When the cheese melts inside these parcels it does not disappear into blandness; it keeps its tang. That is what makes the mustard worth adding at all, not to cover anything up, but because the two sharps work together.
Tips
The single most common failure with filo parcels is wet filling. Spinach holds an extraordinary amount of water for its size.
Drain it, press it, squeeze it, then press it again before mixing with the cheese. Filo tears easily but it is more forgiving than people think.
A small tear mid-fold will not cause the parcel to fall apart in the oven as long as the outer layers are intact and buttered. Do not stop to repair minor tears; keep folding and butter generously over the top.
These can be assembled up to 4 hours ahead and kept unbaked on the tray, loosely covered with cling film in the fridge. Brush with butter just before baking.
Do not freeze assembled parcels; the moisture from the filling will make the pastry gluey.

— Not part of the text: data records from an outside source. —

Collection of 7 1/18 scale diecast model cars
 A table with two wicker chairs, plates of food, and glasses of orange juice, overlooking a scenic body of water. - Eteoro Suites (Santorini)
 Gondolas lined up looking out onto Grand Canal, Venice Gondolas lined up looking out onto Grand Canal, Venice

Leftovers reheat well.
Place cold parcels on a baking tray in an oven at 180 degrees Celsius for 8 minutes. Microwaving them makes the pastry soft and unpleasant.
The filling quantity is deliberately generous. If you have a tablespoon of filling left over, spread it on toast.
A mature cheddar with some age to it works better here than a mild one. You want the cheese to have enough flavour to carry through the pastry and compete with the mustard.
A two-year-aged cheddar is the minimum worth using.